Note that whether the distance is in degrees (without any conversion from longitude-latitude
coordinates), miles, or kms, your findings, interpretations or insights should not change. It is
recommended that you just quote the distances in degrees.
Weather data
Weather plays an important role when people decide whether or not to use bike-sharing. You are
required to explore the relationship between weather (e.g., temperature, wind speed and humidity) and
the bike-sharing rentals in this project. There are two known ways to download free historical weather
data. The first way is to manually capture weather data month by month from Weather Underground
(wunderground.com).
First visit https://www.wunderground.com/ and try to search the weather condition in DC.

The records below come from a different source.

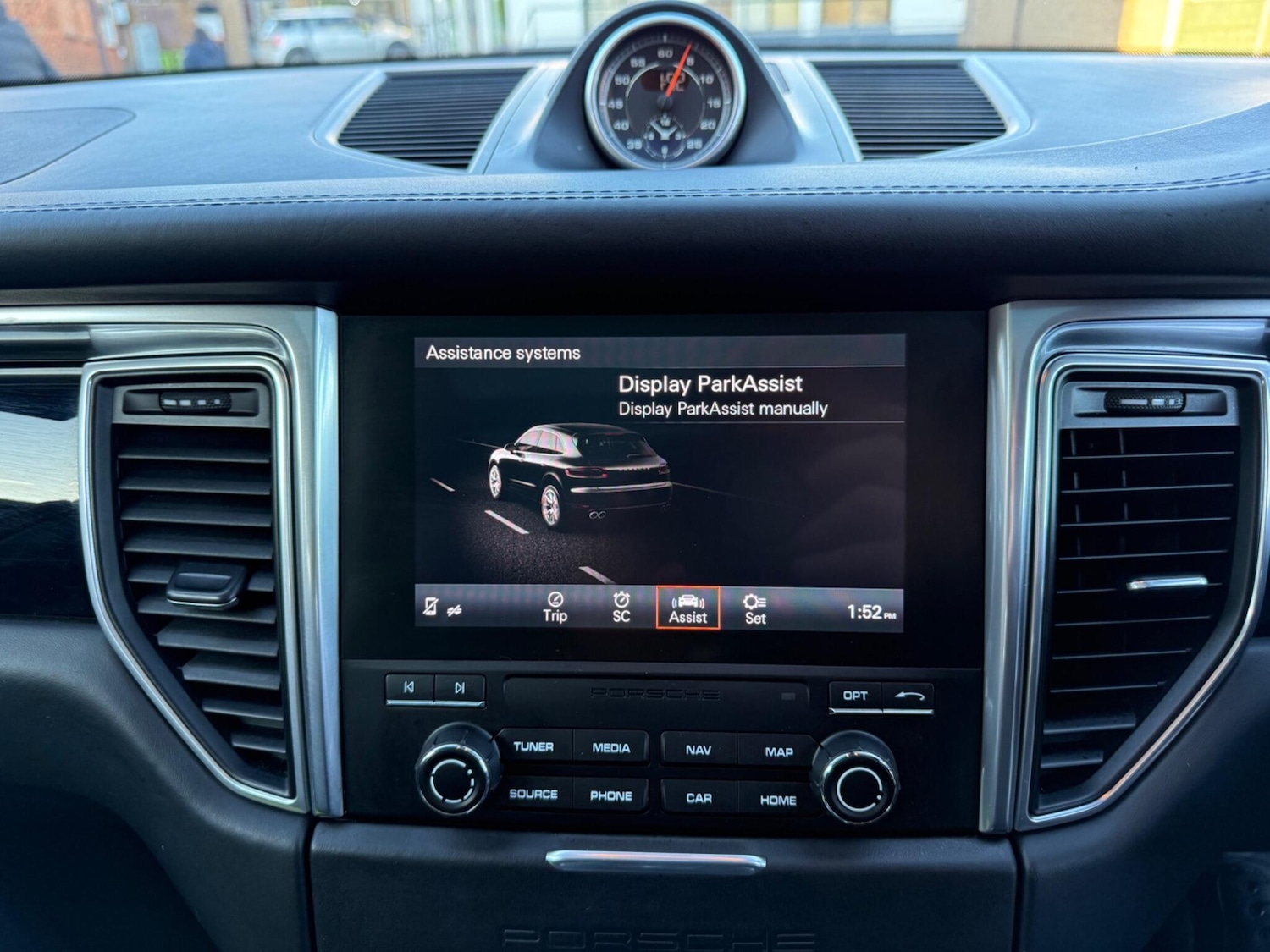 Used Porsche Macan 2017 for sale - 76949842: Photo 23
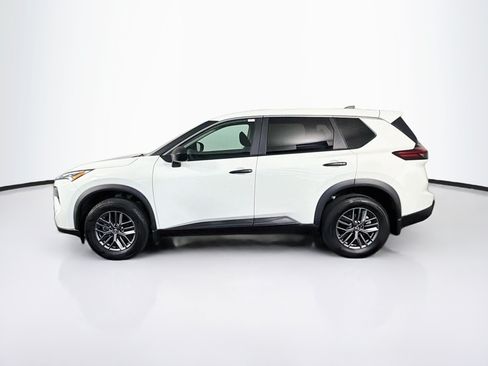Used 2026 Nissan Rogue S FWD image 4
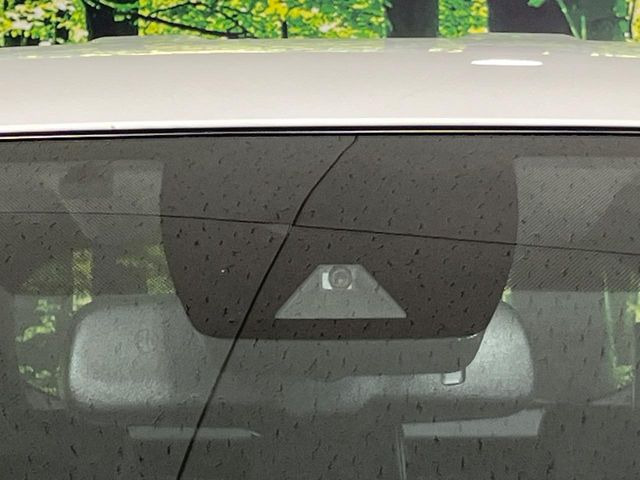 【トヨタセーフティセンス】走行中に前方の車両等を認識し、衝突しそうな時は警報とブレーキで衝突回避と被害軽減をアシスト。より安全にドライブをお楽しみいただけます。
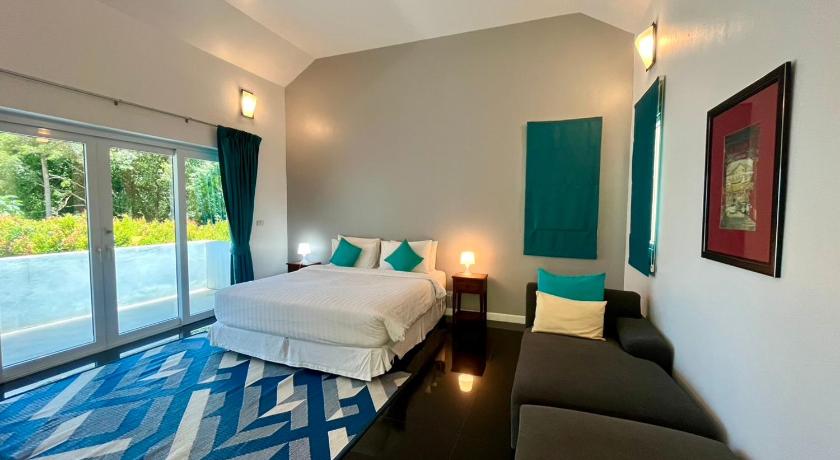 Image of Four-Bedroom Villa 6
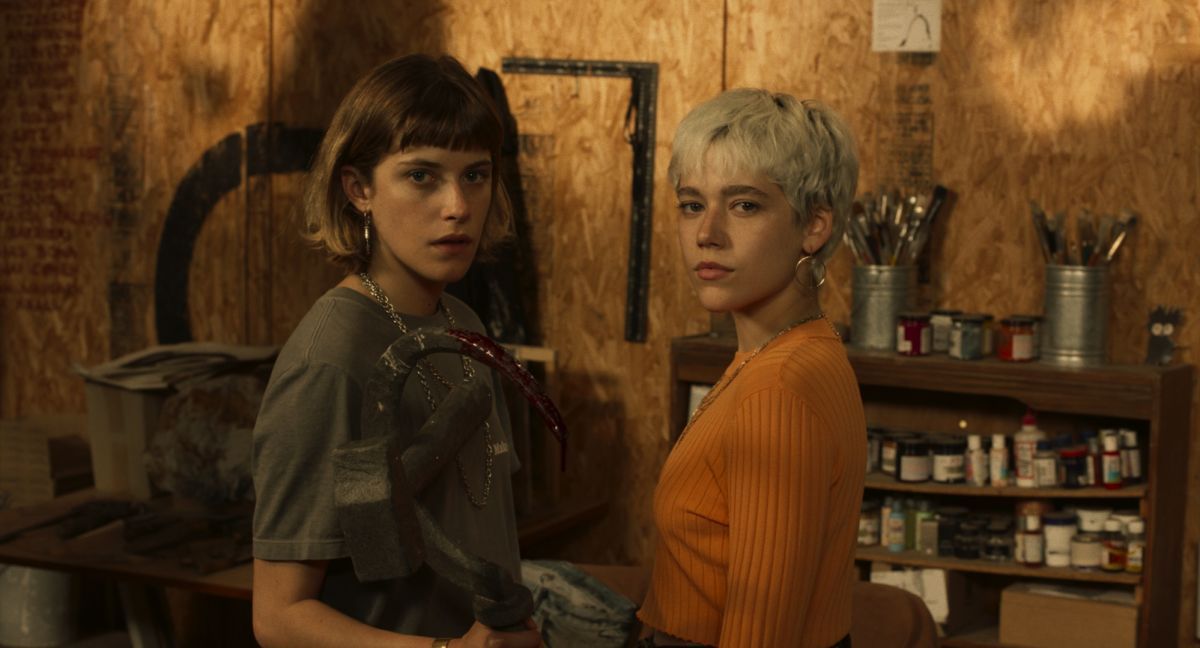 Crítica de “El tema del verano”: zombis uruguayos en la nueva normalidad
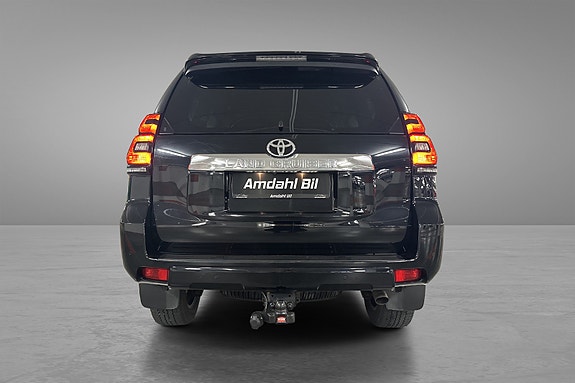 Toyota Land Cruiser 7 of 30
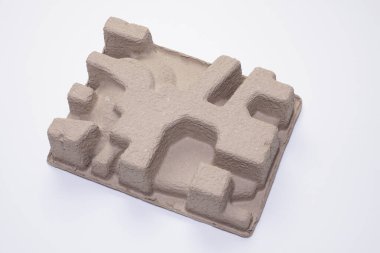 Beyaz arkaplana geri dönüştürülmüş karton ambalaj ekleme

(There are other locations in MD and VA that you may also try, where there are many bike
stations as well.)
You will be led to the site of a nearby weather station, which may be different from time to
time.
Click the History tab on the page, and then choose to view Monthly weather data. Once you
choose a month, click View. For example, the following link shows the weather data of Oct 2011
measured at the Ronald Reagan Washington National Airport station (within DC):
https://www.wunderground.com/history/monthly/us/va/arlington/KDCA/date/2011-10
Scroll down the page, and you will see the table of Daily Observations. Use your mouse to copy
the table and paste it to an Excel spreadsheet.
Another way, as suggested by a former student, is to download weather data from NOAA. Try:
https://www.ncdc.noaa.gov/cdo-web/search. Search for "Daily Summaries" at relevant weather stations
for a time period then "Add to Cart" - NOTE that this is a free service, but you'll have to type in an email
address so that you can get the data download link once it processes.
Holiday data
Another factor that influences the bike-sharing rentals is holidays. You can easily search the dates of the
US federal holidays and/or MD, and VA state holidays each year.
The Task
Your manager asked you to collect and analyze the data and “let the data speak.” You understand that
the company wants to further grow the market and induce more users. Before they do it, they want to
have some insights from the data.
In this project, you are expected to manage and clean the data collected; some of them may contain
missing data, different formatting, and incomplete information. The goal is to overcome such obstacles
commonly encountered in reality to derive business insights from the datasets that can be used to
promote CaBi’s bike-sharing business.